## Task objective
Print the entries that appear below, exactly as written and without their pictures.
Task material below:
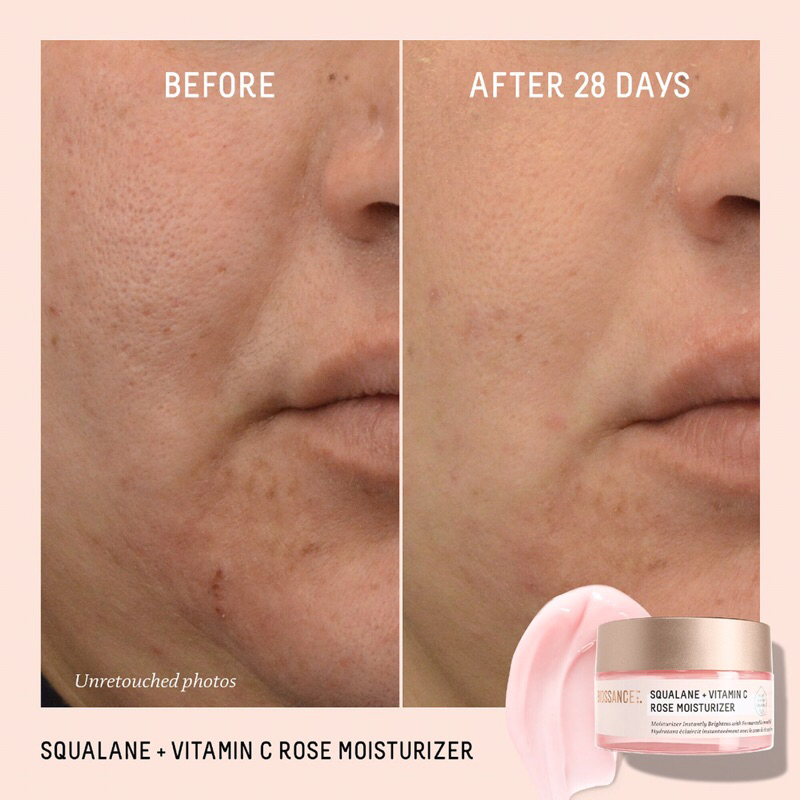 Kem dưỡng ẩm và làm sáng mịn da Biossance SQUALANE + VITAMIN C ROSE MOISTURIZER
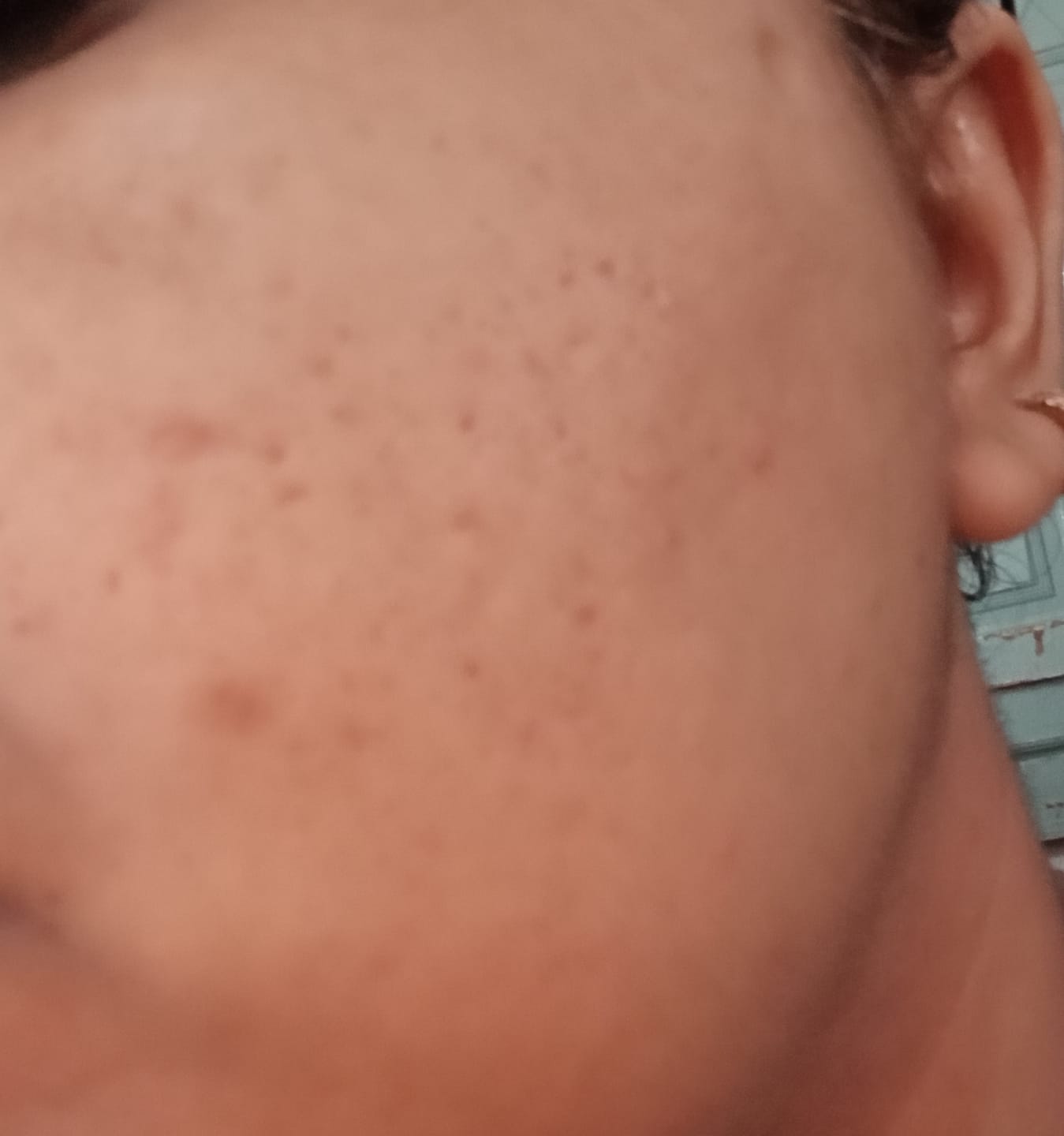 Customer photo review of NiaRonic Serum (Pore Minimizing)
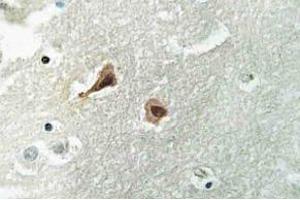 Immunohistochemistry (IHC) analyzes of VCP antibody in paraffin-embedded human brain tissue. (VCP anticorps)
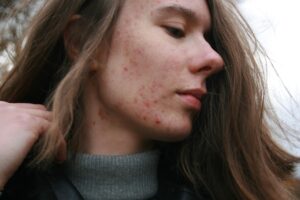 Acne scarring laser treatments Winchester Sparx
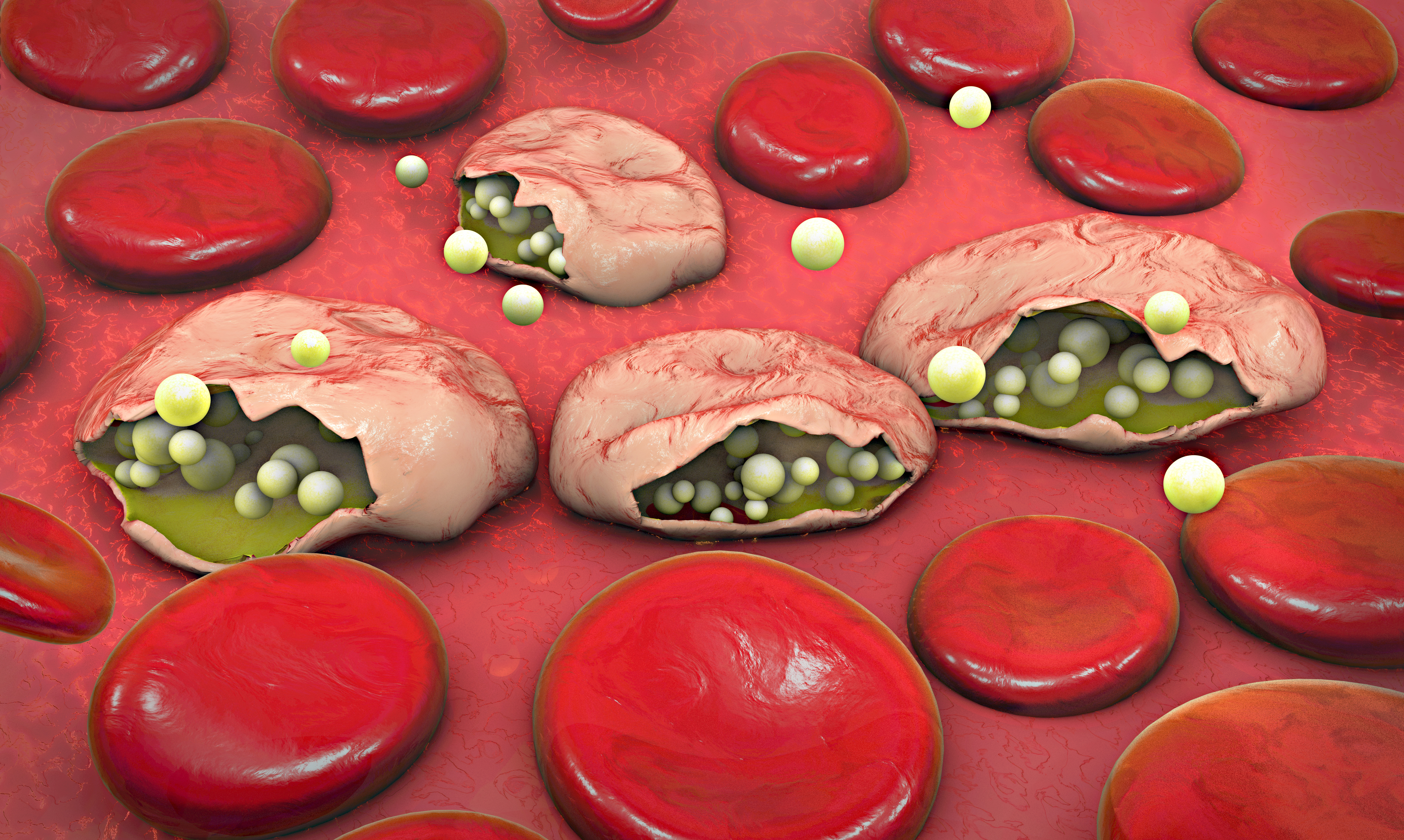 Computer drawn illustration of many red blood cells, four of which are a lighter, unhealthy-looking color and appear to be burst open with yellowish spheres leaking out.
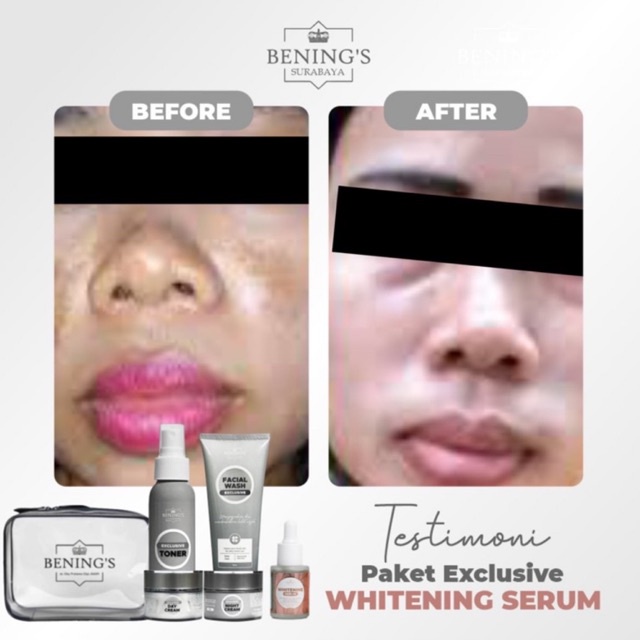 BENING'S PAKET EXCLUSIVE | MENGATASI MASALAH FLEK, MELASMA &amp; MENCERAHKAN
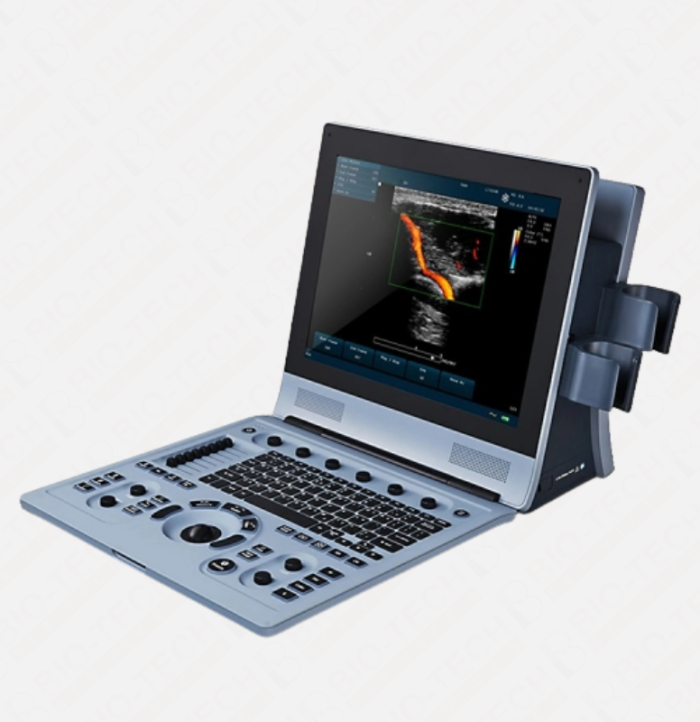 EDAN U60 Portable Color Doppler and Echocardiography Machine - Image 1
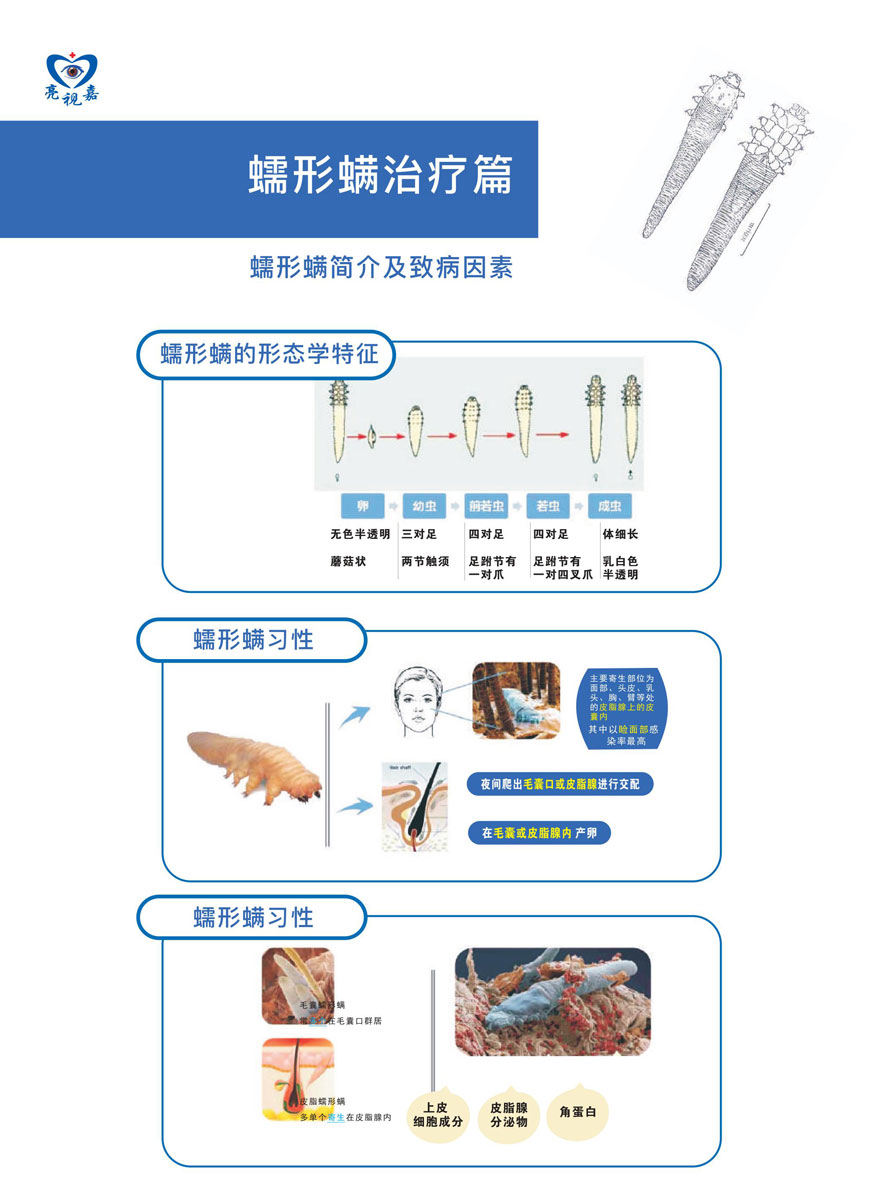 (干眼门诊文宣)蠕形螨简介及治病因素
End of Task material.
## Response area
 Kem dưỡng ẩm và làm sáng mịn da Biossance SQUALANE + VITAMIN C ROSE MOISTURIZER
 Customer photo review of NiaRonic Serum (Pore Minimizing)
 Immunohistochemistry (IHC) analyzes of VCP antibody in paraffin-embedded human brain tissue. (VCP anticorps)
 Acne scarring laser treatments Winchester Sparx
 Computer drawn illustration of many red blood cells, four of which are a lighter, unhealthy-looking color and appear to be burst open with yellowish spheres leaking out.
 BENING'S PAKET EXCLUSIVE | MENGATASI MASALAH FLEK, MELASMA &amp; MENCERAHKAN
 EDAN U60 Portable Color Doppler and Echocardiography Machine - Image 1
 (干眼门诊文宣)蠕形螨简介及治病因素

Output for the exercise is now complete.